Optimistic

Jul 28, 2009 20:31

Summer isn't properly coming to a close, but I've sort of decided that summer ends when I leave Madison. I move in two and a half weeks. It's drawing close! I've been very responsible about packing early. I've purged myself of nearly all of my belongings. At the moment I have 11 boxes, 6 of which I have mailed to my dad for storage (things I don't particularly want to get rid of, but don't particularly need). Of the boxes I'm taking, three are music (scores, parts, academic music texts), one is my classical music CDs, and the other is sort of miscellaneous. It's interesting that I said in my entry from April (which I just reread) I say something like "my only anchor is myself and what I tie to myself". How true! And look at the statistics! More than half of the worldy belongings I wouldn't want to be without, and never intend to relieve myself of, are explicitly related to music and/or the horn. I have bound myself to music. It is not an anchor but a sail. It drives me onward. I will never be without it. I will never be alone and vulnerable. The worries I had about social memory and being important to people... I'm letting them go.
Most of my energy this summer has been devoted to introspection, particularly on the topic of how I treat social interaction and what it means to me. My conclusion is that I need to be honest with myself. I don't want to live a dual life, and the things I value as part of myself must be the things that I present as part of myself.

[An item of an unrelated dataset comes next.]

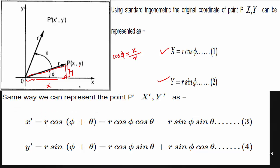After we rotate by theta degrees again, the total angle becomes theta plus 5. The new point P' has coordinates x' and y'. X' represents the horizontal base distance and y' represents the vertical distance of the new right angle triangle. The angle is now 5 plus theta, so x' equals R cos(5 plus theta).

I've set to rest my dreams of being cool and popular. I am neither of these things. I've set to rest my drinking. I drink, but getting drunk I really don't enjoy that much, and it's been a good choice to just not drink unless I want to, and then only as much as I want to. I've set to rest my ardent pursuit of social acceptance. People will like me and want to hang out with me... or not. I am actually quite happy to spend most of my time alone. I used to get irritated at myself for "wasting time" playing Super Nintendo (emulated) or reading things of no real practical value. But that's silly. Those are things I like to do, and it's more honest for me to play Zelda than it is to drink. Zelda is cheaper, too. I've set to rest my pursuit of casual sex. It really isn't very good. I have the self-confidence one acquires from learning to be competent at flirting and picking up strangers, and I'm aware I could do it if I wanted, but I don't really want to. I have a sex drive, but I'd rather spend my time practicing than pursuing something that is ultimately of little value to me.
I think the point is that I have, in large part, done what I set out to do (see last entry). I'm moving on emotionally. I'm quite attached to Madison, and that's OK, but I'm more interested in being honest with myself than trying to be a part of the culture here. I think that when I'm honest with myself I find I do things I value more, I have better friends (albeit fewer), I feel less stressed (it takes a lot of energy to put on a facade!), and I generally feel like my time is better spent. So I will go to Miami and be as honest as I possibly can be and I will interact with the culture of the program and the city as the most honest Colin I can possibly be, and what more can I hope for?